### YOUR GOAL:
Each record that follows is to be output in full, precisely as written.

### INPUT DATA:
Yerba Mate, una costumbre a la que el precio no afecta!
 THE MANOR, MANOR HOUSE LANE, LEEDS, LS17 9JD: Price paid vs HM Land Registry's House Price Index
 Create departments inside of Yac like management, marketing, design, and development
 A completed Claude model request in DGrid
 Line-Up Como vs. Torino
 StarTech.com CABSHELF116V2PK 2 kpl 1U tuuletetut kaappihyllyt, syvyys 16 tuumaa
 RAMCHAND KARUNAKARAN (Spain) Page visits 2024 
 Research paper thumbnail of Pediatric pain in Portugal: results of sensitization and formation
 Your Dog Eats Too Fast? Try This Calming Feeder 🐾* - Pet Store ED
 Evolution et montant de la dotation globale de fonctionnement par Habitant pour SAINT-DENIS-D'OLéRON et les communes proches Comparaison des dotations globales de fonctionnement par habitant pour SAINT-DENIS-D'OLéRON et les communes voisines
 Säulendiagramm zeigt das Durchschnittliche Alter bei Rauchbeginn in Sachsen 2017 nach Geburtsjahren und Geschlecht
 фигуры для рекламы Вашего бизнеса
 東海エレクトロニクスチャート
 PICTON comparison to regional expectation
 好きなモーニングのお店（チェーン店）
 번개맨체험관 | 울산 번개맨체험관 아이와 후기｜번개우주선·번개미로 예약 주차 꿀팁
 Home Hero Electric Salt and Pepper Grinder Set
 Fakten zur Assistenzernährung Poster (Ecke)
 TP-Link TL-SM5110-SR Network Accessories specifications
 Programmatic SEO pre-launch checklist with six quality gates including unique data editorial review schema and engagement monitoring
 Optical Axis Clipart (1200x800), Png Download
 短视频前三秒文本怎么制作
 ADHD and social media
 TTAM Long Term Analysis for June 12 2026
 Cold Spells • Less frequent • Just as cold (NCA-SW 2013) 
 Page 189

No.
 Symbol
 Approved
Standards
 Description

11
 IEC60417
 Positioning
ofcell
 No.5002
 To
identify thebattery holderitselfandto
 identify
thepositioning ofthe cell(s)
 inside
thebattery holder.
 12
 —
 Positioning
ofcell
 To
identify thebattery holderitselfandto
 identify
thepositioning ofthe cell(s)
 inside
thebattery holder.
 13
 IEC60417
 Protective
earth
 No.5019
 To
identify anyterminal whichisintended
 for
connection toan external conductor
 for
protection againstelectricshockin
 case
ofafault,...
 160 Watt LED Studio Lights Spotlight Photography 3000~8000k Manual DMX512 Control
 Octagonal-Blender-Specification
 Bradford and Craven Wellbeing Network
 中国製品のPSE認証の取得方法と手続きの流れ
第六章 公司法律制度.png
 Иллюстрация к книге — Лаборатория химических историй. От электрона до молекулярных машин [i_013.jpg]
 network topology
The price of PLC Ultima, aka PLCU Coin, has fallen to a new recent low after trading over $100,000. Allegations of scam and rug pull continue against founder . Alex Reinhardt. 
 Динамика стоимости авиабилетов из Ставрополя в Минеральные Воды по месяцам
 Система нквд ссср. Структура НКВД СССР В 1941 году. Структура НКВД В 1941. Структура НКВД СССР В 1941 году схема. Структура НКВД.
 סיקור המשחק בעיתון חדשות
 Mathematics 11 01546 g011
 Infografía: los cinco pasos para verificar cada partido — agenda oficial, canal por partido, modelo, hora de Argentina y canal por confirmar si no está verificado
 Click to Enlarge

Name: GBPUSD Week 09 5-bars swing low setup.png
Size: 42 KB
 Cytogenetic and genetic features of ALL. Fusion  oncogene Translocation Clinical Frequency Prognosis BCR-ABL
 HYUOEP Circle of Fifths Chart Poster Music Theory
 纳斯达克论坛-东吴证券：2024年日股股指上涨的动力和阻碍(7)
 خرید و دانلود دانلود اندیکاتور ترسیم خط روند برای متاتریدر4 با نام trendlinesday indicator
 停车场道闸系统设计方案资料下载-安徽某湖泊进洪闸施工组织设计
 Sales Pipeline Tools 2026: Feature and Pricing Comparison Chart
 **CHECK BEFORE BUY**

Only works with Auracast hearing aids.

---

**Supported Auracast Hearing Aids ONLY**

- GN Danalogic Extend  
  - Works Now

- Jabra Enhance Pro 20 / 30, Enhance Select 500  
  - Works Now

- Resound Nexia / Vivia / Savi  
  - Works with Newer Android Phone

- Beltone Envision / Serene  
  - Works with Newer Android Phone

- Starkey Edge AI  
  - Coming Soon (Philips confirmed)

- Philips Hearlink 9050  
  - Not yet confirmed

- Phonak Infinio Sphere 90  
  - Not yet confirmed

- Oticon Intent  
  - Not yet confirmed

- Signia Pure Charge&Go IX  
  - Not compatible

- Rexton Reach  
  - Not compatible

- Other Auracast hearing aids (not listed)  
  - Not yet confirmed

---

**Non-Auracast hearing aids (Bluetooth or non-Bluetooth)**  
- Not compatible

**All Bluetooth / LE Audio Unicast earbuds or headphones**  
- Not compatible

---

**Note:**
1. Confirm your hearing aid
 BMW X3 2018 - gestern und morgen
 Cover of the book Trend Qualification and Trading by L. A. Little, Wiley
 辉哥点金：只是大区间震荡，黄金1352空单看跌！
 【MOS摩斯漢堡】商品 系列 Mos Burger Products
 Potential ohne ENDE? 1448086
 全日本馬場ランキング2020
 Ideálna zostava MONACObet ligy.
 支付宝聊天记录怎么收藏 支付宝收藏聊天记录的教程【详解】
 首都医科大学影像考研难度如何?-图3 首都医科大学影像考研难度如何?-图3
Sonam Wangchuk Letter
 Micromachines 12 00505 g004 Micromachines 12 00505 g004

### RESPONSE FOR THIS EXERCISE:
Yerba Mate, una costumbre a la que el precio no afecta!
 THE MANOR, MANOR HOUSE LANE, LEEDS, LS17 9JD: Price paid vs HM Land Registry's House Price Index
 Create departments inside of Yac like management, marketing, design, and development
 A completed Claude model request in DGrid
 Line-Up Como vs. Torino
 StarTech.com CABSHELF116V2PK 2 kpl 1U tuuletetut kaappihyllyt, syvyys 16 tuumaa
 RAMCHAND KARUNAKARAN (Spain) Page visits 2024 
 Research paper thumbnail of Pediatric pain in Portugal: results of sensitization and formation
 Your Dog Eats Too Fast? Try This Calming Feeder 🐾* - Pet Store ED
 Evolution et montant de la dotation globale de fonctionnement par Habitant pour SAINT-DENIS-D'OLéRON et les communes proches Comparaison des dotations globales de fonctionnement par habitant pour SAINT-DENIS-D'OLéRON et les communes voisines
 Säulendiagramm zeigt das Durchschnittliche Alter bei Rauchbeginn in Sachsen 2017 nach Geburtsjahren und Geschlecht
 фигуры для рекламы Вашего бизнеса
 東海エレクトロニクスチャート
 PICTON comparison to regional expectation
 好きなモーニングのお店（チェーン店）
 번개맨체험관 | 울산 번개맨체험관 아이와 후기｜번개우주선·번개미로 예약 주차 꿀팁
 Home Hero Electric Salt and Pepper Grinder Set
 Fakten zur Assistenzernährung Poster (Ecke)
 TP-Link TL-SM5110-SR Network Accessories specifications
 Programmatic SEO pre-launch checklist with six quality gates including unique data editorial review schema and engagement monitoring
 Optical Axis Clipart (1200x800), Png Download
 短视频前三秒文本怎么制作
 ADHD and social media
 TTAM Long Term Analysis for June 12 2026
 Cold Spells • Less frequent • Just as cold (NCA-SW 2013) 
 Page 189

No.
 Symbol
 Approved
Standards
 Description

11
 IEC60417
 Positioning
ofcell
 No.5002
 To
identify thebattery holderitselfandto
 identify
thepositioning ofthe cell(s)
 inside
thebattery holder.
 12
 —
 Positioning
ofcell
 To
identify thebattery holderitselfandto
 identify
thepositioning ofthe cell(s)
 inside
thebattery holder.
 13
 IEC60417
 Protective
earth
 No.5019
 To
identify anyterminal whichisintended
 for
connection toan external conductor
 for
protection againstelectricshockin
 case
ofafault,...
 160 Watt LED Studio Lights Spotlight Photography 3000~8000k Manual DMX512 Control
 Octagonal-Blender-Specification
 Bradford and Craven Wellbeing Network
 中国製品のPSE認証の取得方法と手続きの流れ
第六章 公司法律制度.png
 Иллюстрация к книге — Лаборатория химических историй. От электрона до молекулярных машин [i_013.jpg]
 network topology
The price of PLC Ultima, aka PLCU Coin, has fallen to a new recent low after trading over $100,000. Allegations of scam and rug pull continue against founder . Alex Reinhardt. 
 Динамика стоимости авиабилетов из Ставрополя в Минеральные Воды по месяцам
 Система нквд ссср. Структура НКВД СССР В 1941 году. Структура НКВД В 1941. Структура НКВД СССР В 1941 году схема. Структура НКВД.
 סיקור המשחק בעיתון חדשות
 Mathematics 11 01546 g011
 Infografía: los cinco pasos para verificar cada partido — agenda oficial, canal por partido, modelo, hora de Argentina y canal por confirmar si no está verificado
 Click to Enlarge

Name: GBPUSD Week 09 5-bars swing low setup.png
Size: 42 KB
 Cytogenetic and genetic features of ALL. Fusion  oncogene Translocation Clinical Frequency Prognosis BCR-ABL
 HYUOEP Circle of Fifths Chart Poster Music Theory
 纳斯达克论坛-东吴证券：2024年日股股指上涨的动力和阻碍(7)
 خرید و دانلود دانلود اندیکاتور ترسیم خط روند برای متاتریدر4 با نام trendlinesday indicator
 停车场道闸系统设计方案资料下载-安徽某湖泊进洪闸施工组织设计
 Sales Pipeline Tools 2026: Feature and Pricing Comparison Chart
 **CHECK BEFORE BUY**

Only works with Auracast hearing aids.

---

**Supported Auracast Hearing Aids ONLY**

- GN Danalogic Extend  
  - Works Now

- Jabra Enhance Pro 20 / 30, Enhance Select 500  
  - Works Now

- Resound Nexia / Vivia / Savi  
  - Works with Newer Android Phone

- Beltone Envision / Serene  
  - Works with Newer Android Phone

- Starkey Edge AI  
  - Coming Soon (Philips confirmed)

- Philips Hearlink 9050  
  - Not yet confirmed

- Phonak Infinio Sphere 90  
  - Not yet confirmed

- Oticon Intent  
  - Not yet confirmed

- Signia Pure Charge&Go IX  
  - Not compatible

- Rexton Reach  
  - Not compatible

- Other Auracast hearing aids (not listed)  
  - Not yet confirmed

---

**Non-Auracast hearing aids (Bluetooth or non-Bluetooth)**  
- Not compatible

**All Bluetooth / LE Audio Unicast earbuds or headphones**  
- Not compatible

---

**Note:**
1. Confirm your hearing aid
 BMW X3 2018 - gestern und morgen
 Cover of the book Trend Qualification and Trading by L. A. Little, Wiley
 辉哥点金：只是大区间震荡，黄金1352空单看跌！
 【MOS摩斯漢堡】商品 系列 Mos Burger Products
 Potential ohne ENDE? 1448086
 全日本馬場ランキング2020
 Ideálna zostava MONACObet ligy.
 支付宝聊天记录怎么收藏 支付宝收藏聊天记录的教程【详解】
 首都医科大学影像考研难度如何?-图3 首都医科大学影像考研难度如何?-图3
Sonam Wangchuk Letter
 Micromachines 12 00505 g004 Micromachines 12 00505 g004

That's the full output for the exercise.